- Putin ally Vladimir Potanin is reportedly snapping up Russian banks at a discount rate.
- Western businesses fled the country en masse following Putin’s invasion of Ukraine.
- Per Forbes, Potanin is said to be Russia’s richest man – worth just shy of $30 billion.
Russia’s richest man has been snapping up domestic banks at a discount rate, after their Western owners ditched the country, reports say.
The Russian economy has been in freefall since the invasion of Ukraine, after Western powers issued sanctions against a number of President Vladimir Putin’s closest allies, seizing and freezing their assets, and a host of leading businesses – from McDonald’s to Goldman Sachs – shut down operations in the country altogether.
Metals tycoon Vladimir Potanin, a long-time Putin ally, has largely avoided Western sanctions, despite his close personal ties to the regime. Experts say Potanin, who has played ice hockey with Putin in the past, has largely remained off the West’s radar due to his personal importance to global metals markets.
On Thursday, the Financial Times reported Potanin, who is said to be worth $30 billion, had been tapping into his estimated $30 billion fortune to obtain stakes in major Russian banks, which have seen their value dwindle after Western stakeholders abandoned the country.
The billionaire’s Interros group is said to have acquired Rosbank after Société Générale (SocGen), a French bank that bought the business from Potanin in 2008, opted for a quick exit from Russia. Insider previously reported banks still operating in Russia were preparing to lose huge amounts of money for exiting.
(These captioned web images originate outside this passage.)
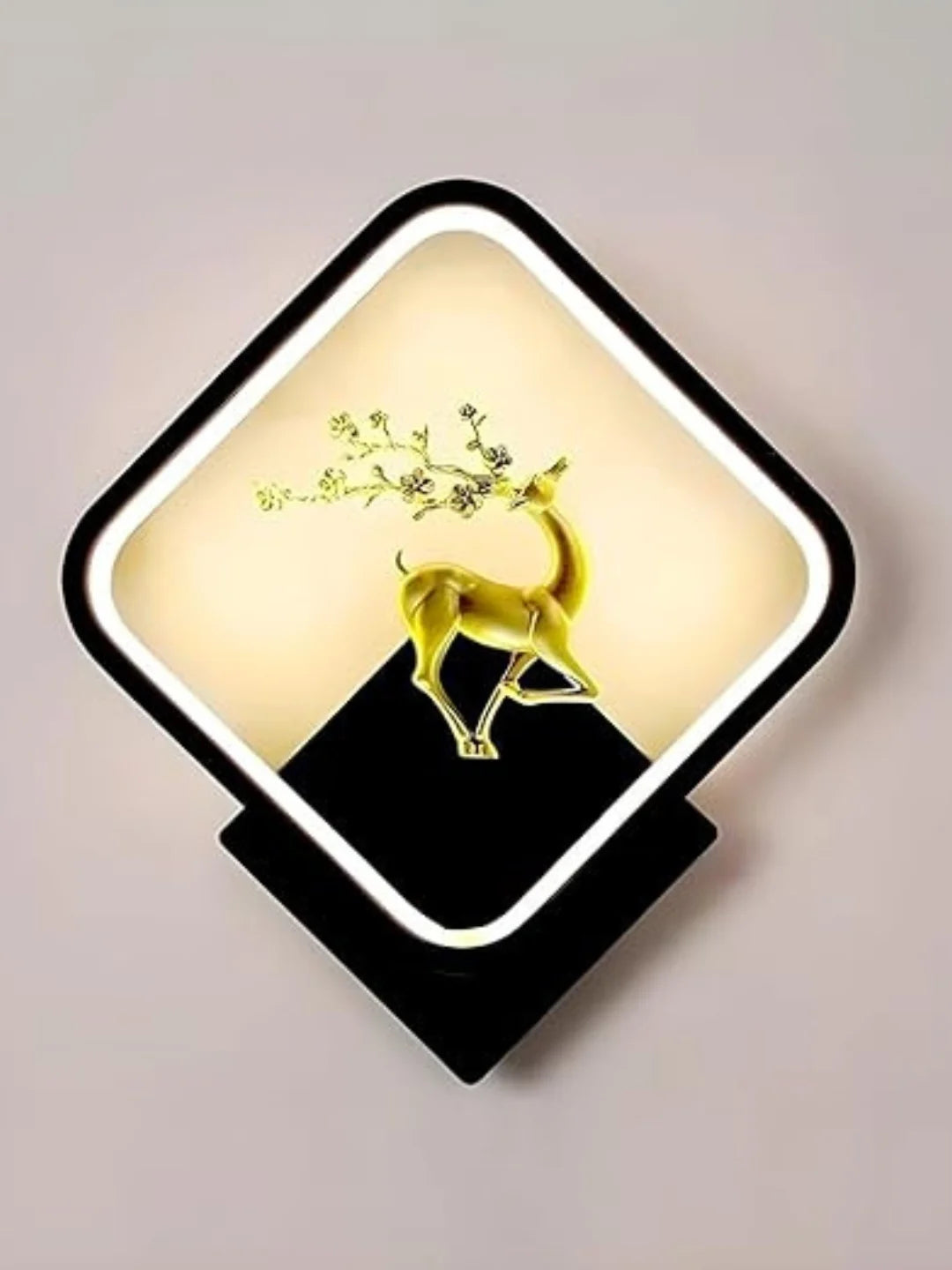 Homes Elite Modern LED Wall Light – Artistic Deer Design Sconce for Living Room, Bedroom & Hallway (3000K–6000K)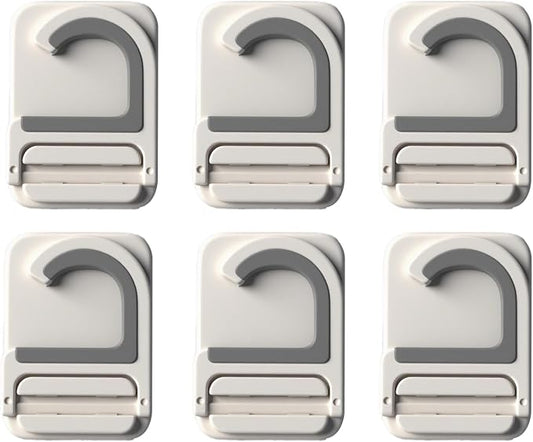 6Pack Broom Holder Wall Mount, Damage Free Hanging Wall Mount Broom and Mop by Kosair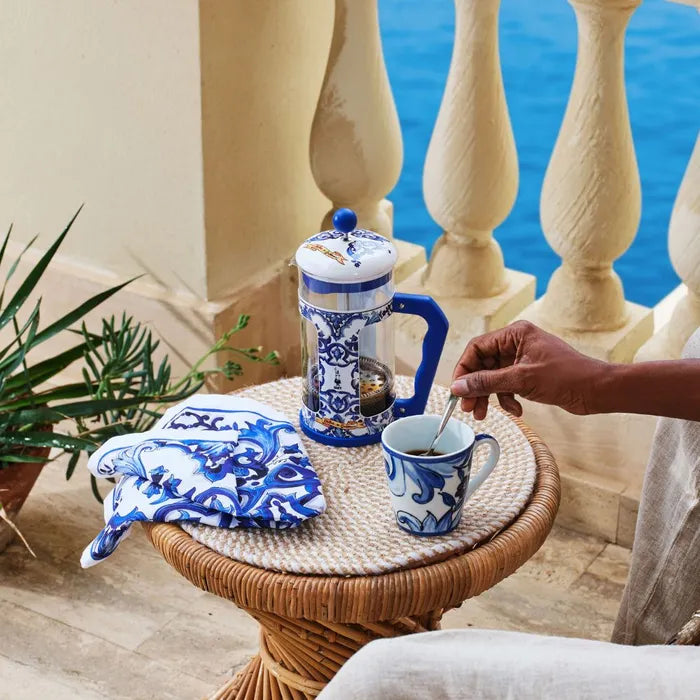 Bialetti Dolce&Gabbana 8C Blu Mediterraneo Coffee Press 1 Litre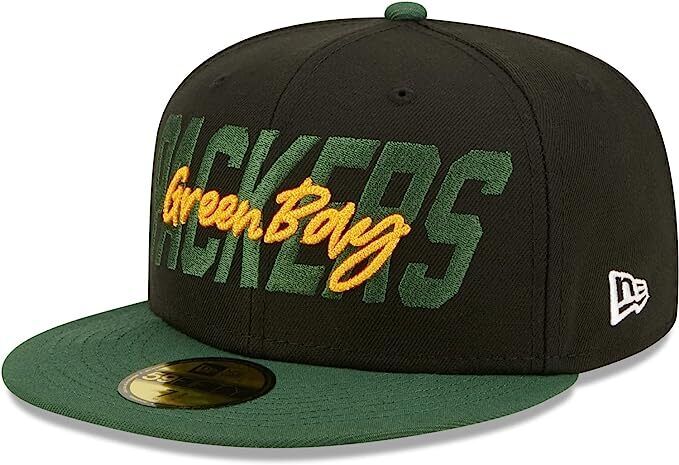 New Era Green Bay Packers 2022 Draft On-Stage NFL 59FIFTY Fitted Hat Cap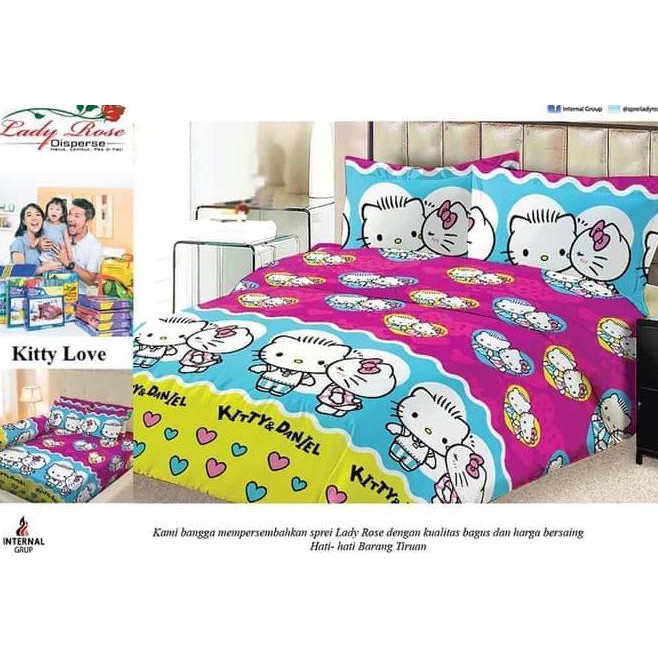 Bedcover Lady Rose 120 X 200 Hello Kitty Love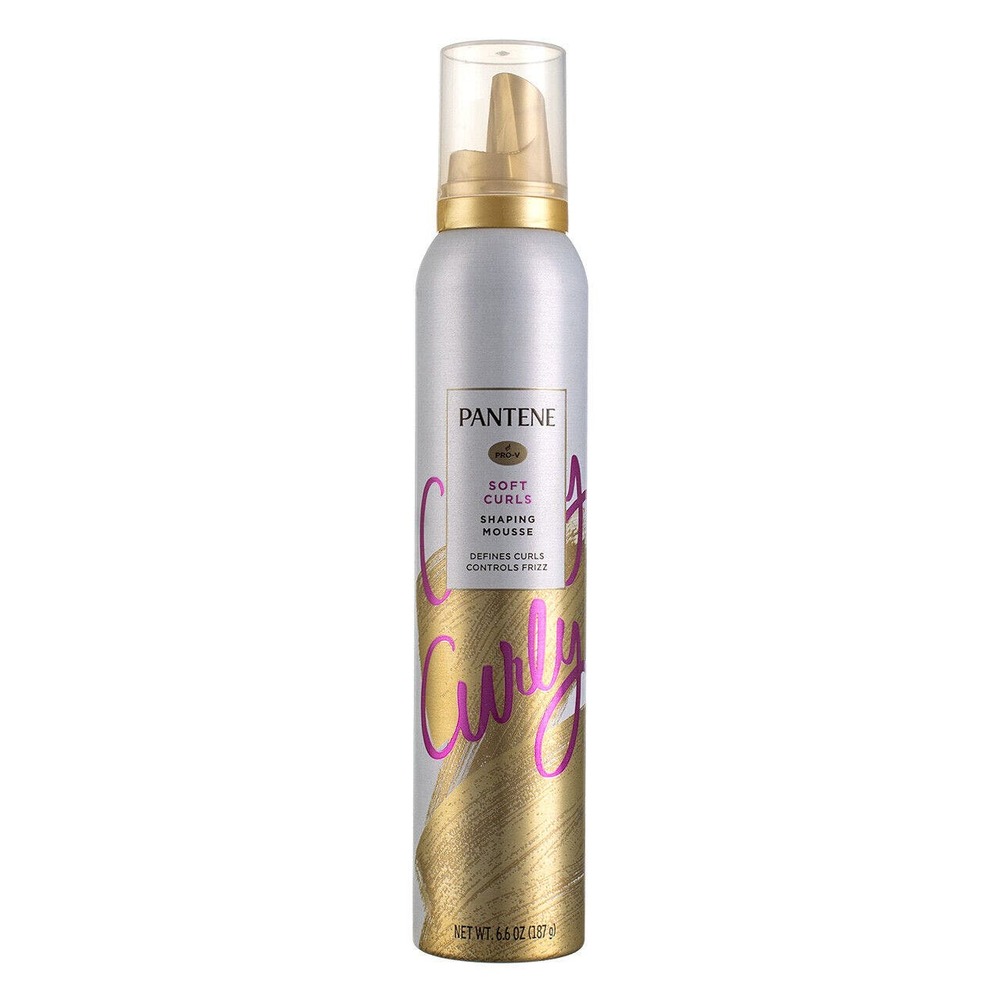 Pantene Pro-V Soft Curl Defining Shaping Mousse, Maximum, 6.6 oz
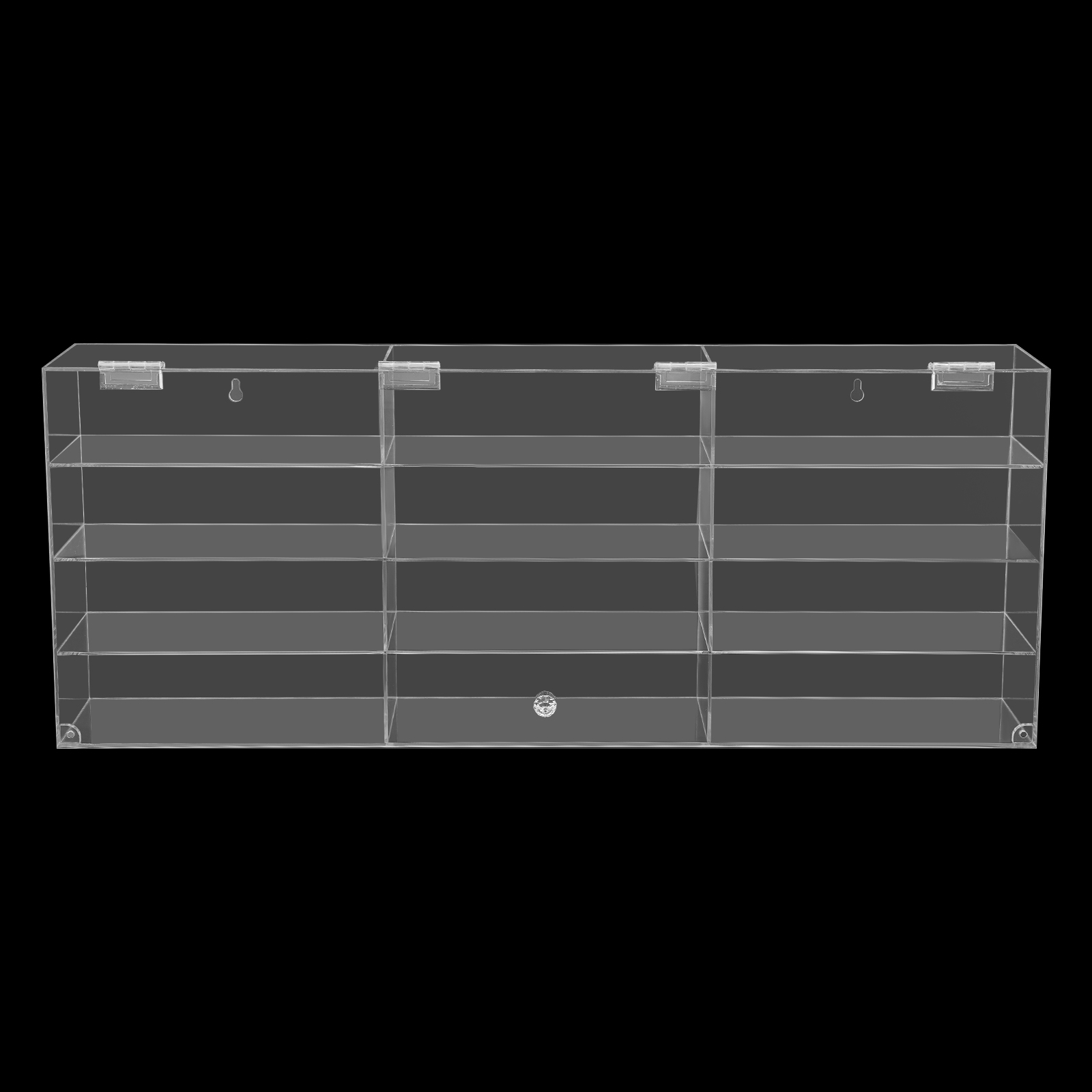 4 Tiers Wall Mounted Toy Displ - Display Case Acrylic incelemesi ve fiyatı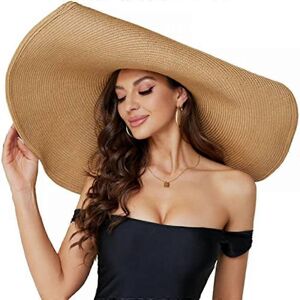 Kikidex (As show, One size) Beach Straw Hats for Women Floppy, Ladies Extra Large Wide B Kikidex (As show, One size) Beach Straw Hats for Women Floppy, Ladies Extra Large Wide B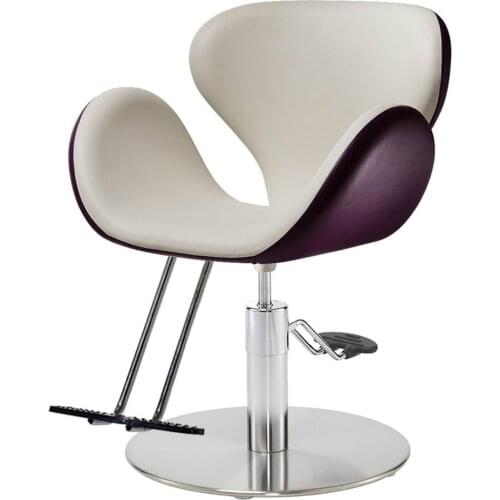 Simple and Comfortable Ladies Hairdressing Chair Custom Barber Equipment Haircutting Dyeing and Ironing Chairs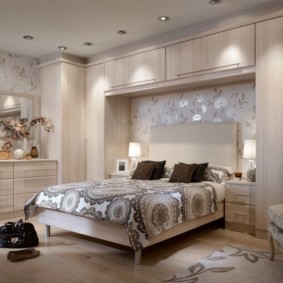 wardrobes over the bed in the bedroom ideas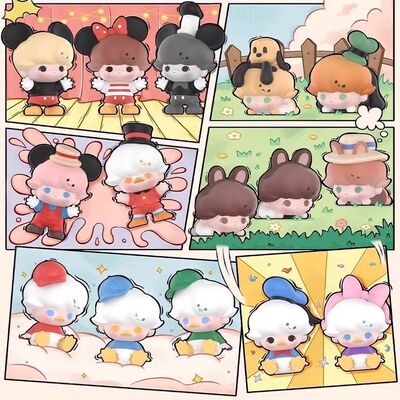 泡泡玛特POP BEAN泡泡玛特萌粒DIMOOWORLD迪士尼经典系列联名公仔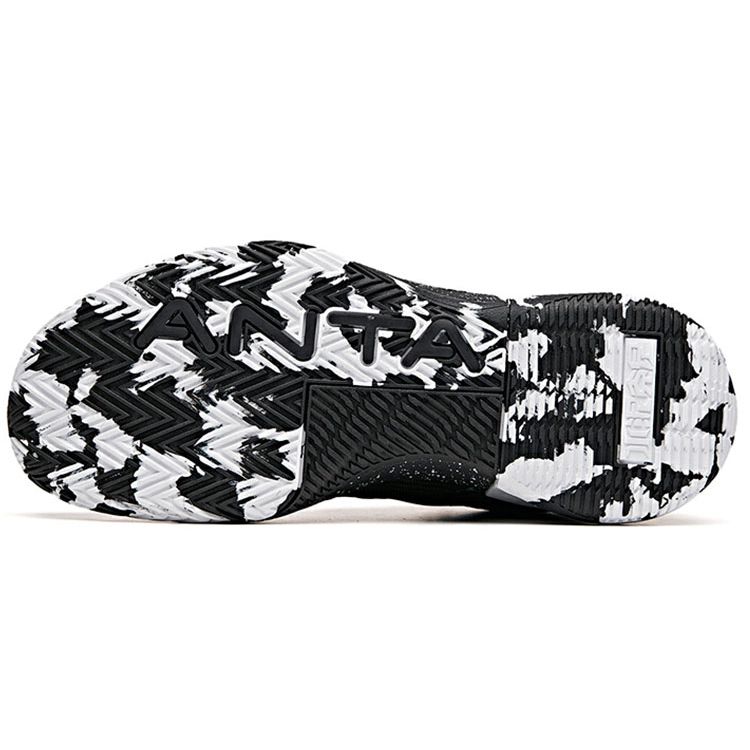 Anta Attack 2 удобные спортивные износостойкие дышащие баскетбольные кроссовки средней высоты мужские кроссовки черные 112031107-2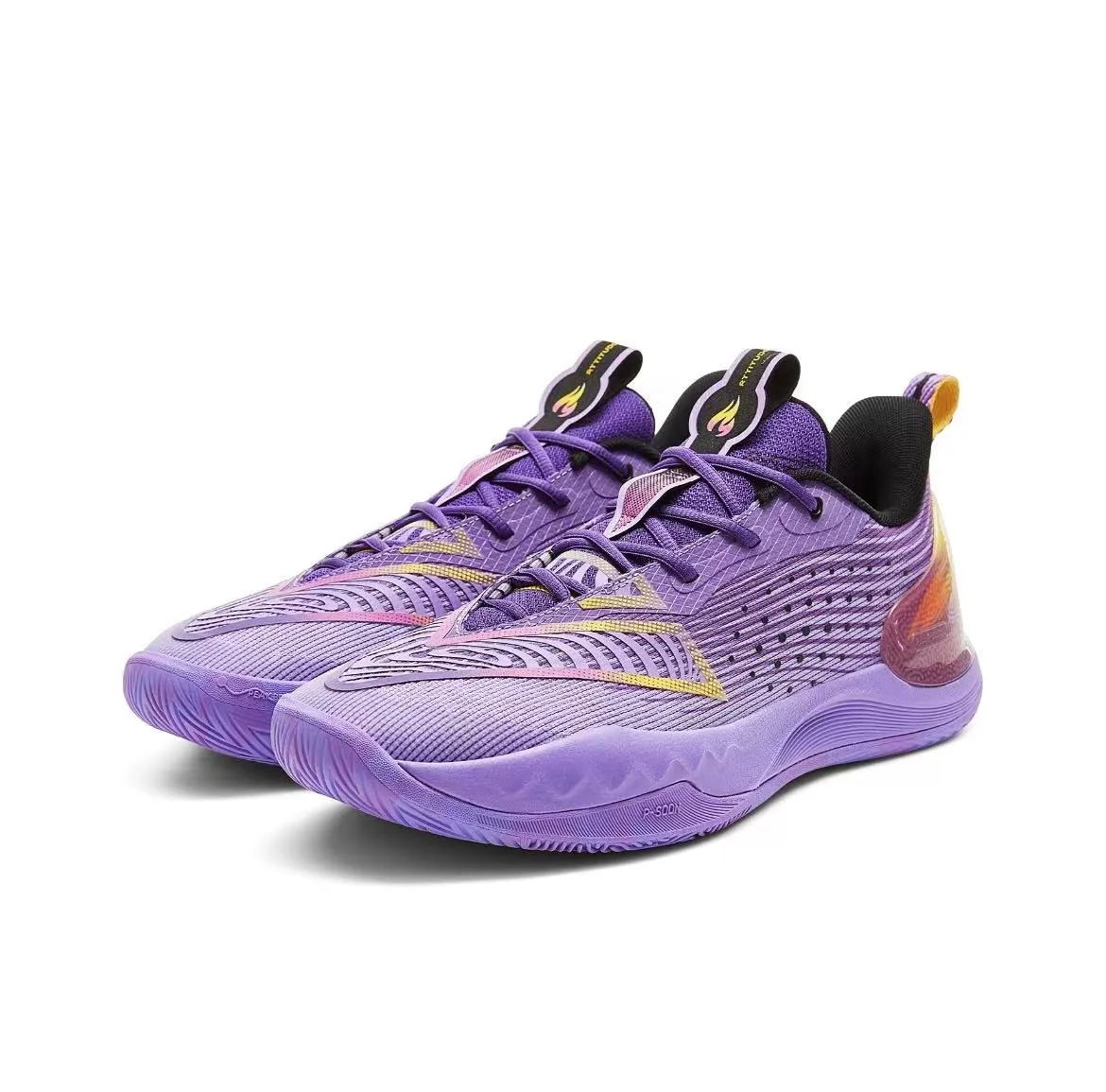Peak Taichi Surging Big Triangle 4.0 - Purple Stylish Stripes Tailored Comfort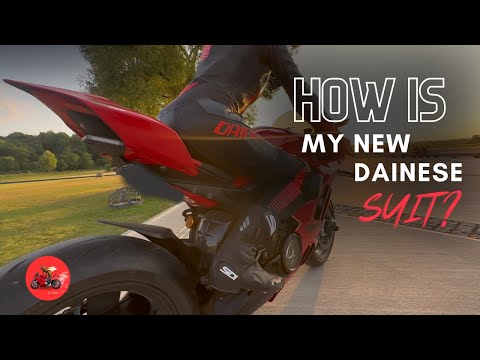 2023 Ducati Panigale V4s riding with my new Dainese suit | Unboxing video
Potanin reportedly obtained Oleg Tinkov’s stake in TCS Group Holding, for which Tinkov, who said was forced to sell his stakes after he criticized the war, complained that Potanin paid only 3% of the actual stakes’ worth, per the newspaper. Insider reached out to TCS and SocGen but did not immediately get a response.
Tatiana Stanovaya, founder of political analysis firm R.Politik told the FT: “The Kremlin had a geopolitically problematic asset [in Tinkoff] and Potanin had a solution.”
Potanin’s recent acquisitions make him a key individual in the banking sector. In February, Rosbank and Tinkoff, TCS’s main assets, combined assets of almost $45 billion (RBS3 trillion).
Someone involved in the negotiations for SocGen told the FT: “We wanted to find a way to exit in the most orderly way while preserving our 12,000 staff.”
They added: “Potanin… says he wants to preserve the bank and its culture,” that’s why they decided to accept his offer that was quick and he knows the bank, per the report.
Potanin founded Interros – a conglomerate with stakes in industries including mining, energy, and real estate – in 1990, and is the richest man in Russia, per Forbes. But he is mostly known for mastering the “loans-for-shares” programs, which many other oligarchs, including Roman Abramovich, have made their fortune through the programs.
Under the “loans-for-shares” programs, wealthy entrepreneurs and banks loaned money to the Russian government in the 1990s in exchange for equity in the country’s natural resource companies. The government often could not repay these loans, leaving many of the natural resource companies in the hands of wealthy individuals.